ALLA FINE DEL XVII SECOLO

 

           A causa della completa dispersione dei documenti privati di Casa Giudici non ci era noto alcuno scritto autografo inviata da Don Gregorio ai suoi familiari in Ceccano.

Nella meticolosa verifica della documentazione conservata nell’Archivio Notarile di Ceccano, l’autore della presente memoria biografica ha avuto modo di rinvenire, il 23 dicembre 2004, una preziosa lettera autografa di Don Gregorio al fratello Federico, inserita tra i fogli della terza di copertina rilegata di un Protocollo notarile.

 Il testo risale al primo periodo di presenza di Don Gregorio a Roma ed è particolarmente interessante sotto molti aspetti, poiché ci rivela la forte personalità del giovane sacerdote e traduce bene i sentimenti, le ansie e le difficoltà che egli viveva in quel momento.

Da un lato traspaiono le preoccupazioni per le spese che è costretto a sostenere a causa del suo stato, ma dall’altro si coglie, immediata e viva, la grande forza d’animo e la notevole determinazione che lo animavano a proseguire nella strada intrapresa, al fine di conseguire grandi traguardi artistici nelle istituzioni musicali della Città Eterna.

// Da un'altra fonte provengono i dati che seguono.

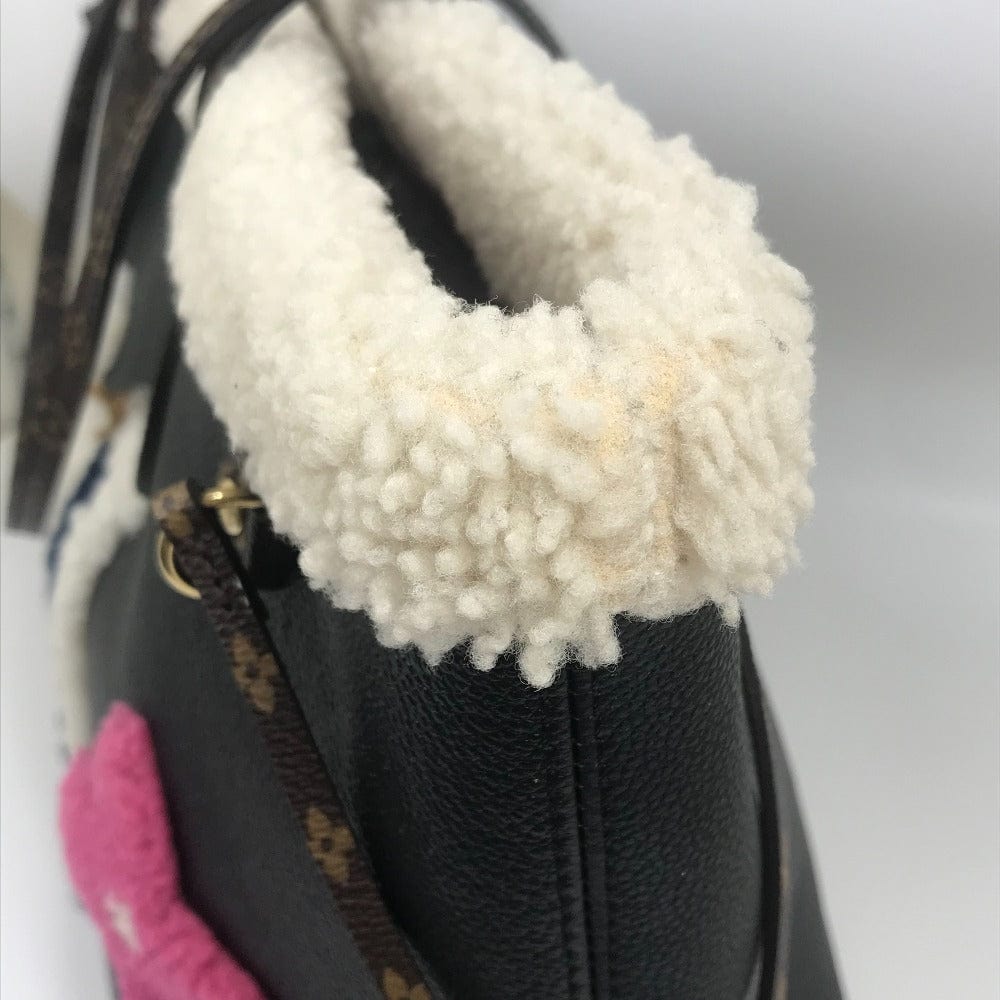 Louis Vuitton Monogram Teddy Shearling Neverfull MM Black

Ugualmente emblematica si rivela la dichiarazione secondo cui egli non teme un contrasto con il Vescovo di Ferentino, in quanto è sicuro del fatto suo e delle proprie ragioni, convinto di riuscire, ben presto, a far ricredere il prelato.

 Il tono nei confronti del fratello Federico è davvero affettuoso, familiare e pieno di umanità, a riprova di un saldissimo vincolo che da sempre li univa. E pur nelle difficoltà incontrate in questo primo periodo di residenza a Roma, Don Gregorio non cessa di inviare a Ceccano alcune pietanze e primizie di ortaggi, certamente non comuni nel mercato locale.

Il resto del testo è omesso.